ALEXANDRIA, Va. (CN) – Attorneys for former Trump campaign chairman Paul Manafort on Monday renewed their call that evidence found in Manafort’s home and storage unit be suppressed and that a federal judge reconsider the legal theory used by special counsel Robert Mueller to expose the findings.
Manafort’s attorney, Kevin Downing, has argued that the search warrants issued on his client’s Virginia home and storage unit were improperly made because evidence collected there was done in bad faith.
Downing contends Manafort’s Fourth Amendment rights were violated when authorities relied on a salaried Manafort employee – instead of Manafort himself - to gain access to the storage unit.
At his Alexandria, Virginia home, Downing says Manafort’s rights were violated because of the warrant’s issued to search his Alexandria, Virginia home were overly broad.The attorney specifically objects to a provision in the warrant requiring the removal of all media storage devices found in the home like cell phones, computers and iPads.
But on Monday, Downing filed a new challenge to special counsel’s May 14 motion in which Andrew Weissman, special assistant to special counsel, argued law enforcement was within its rights to search the unit and residence thanks to third party consent established in United States v. Matlock.
In Matlock, Weismann cited the ruling’s take on consent, stating it “need not come from the target of a search” and further, that common authority doesn’t necessarily require “mutual use.”
In order to follow this theory, it would mean U.S. District Judge T.S. Ellis III – the judge overseeing Manafort’s trial in Virginia -- must follow Ninth Circuit precedent “that no other appellate court has adopted,” Downing argues.
It boils down to how common authority and mutual use diverge, he explained. Common authority is the principle which permits a person to give authorities consent to search another individual’s property.
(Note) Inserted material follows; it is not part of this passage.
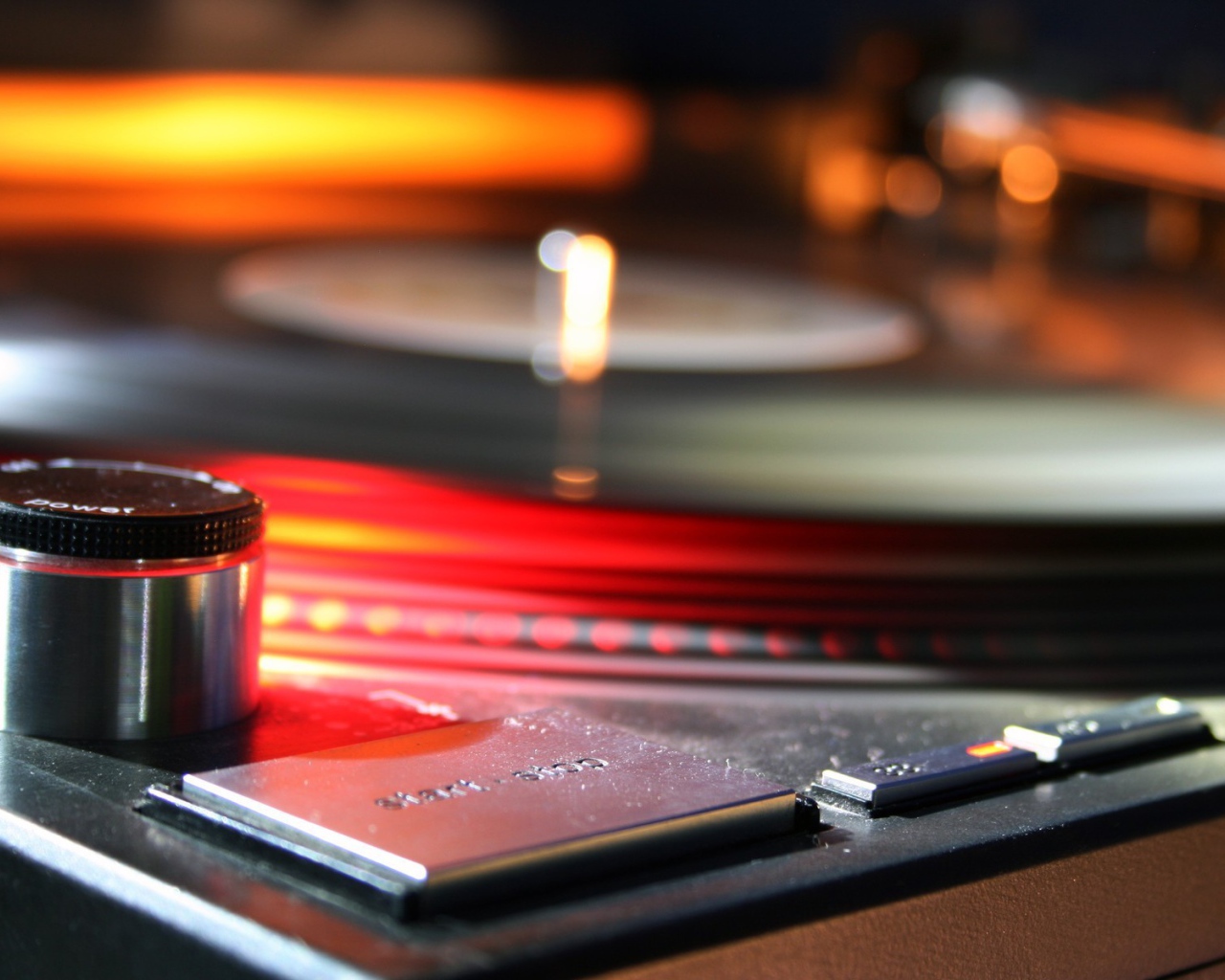 Проигрыватель виниловых пластинок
But according to Downing, common authority requires “evidence of mutual use by one generally having joint access or control for most purposes.” While Weissman relied on Matlock to legitimize the search warrants, Downing argues that theory ignores precedent established in United States v. Buckner and United States v. Whitfield.
In Whitfield, it was determined that even if a third party’s ability, or legal right, to access a property established joint access or control, it does not establish mutual use.
Notwithstanding “the Supreme Court’s and the Fourth Circuit’s plain language, the Special Counsel argues that mutual use is satisfied by a showing that an ‘employee is authorized to enter a location to perform his [job] duties and in fact performs those duties there,” Downing writes.
“An employee’s authority to enter a location to do his job does not constitute mutual use, and none of the Special Counsel’s cited cases hold otherwise,” the filing states.
Though Mueller’s team argues the Manafort employee who let authorities into the unit “had the right and capability to gain access to [it] at anytime without Manafort’s knowledge or permission,” this position is “legally incorrect,” Downing said.
It conflates the right to enter the storage unit with “the informant’s physical capability to do so,” he adds.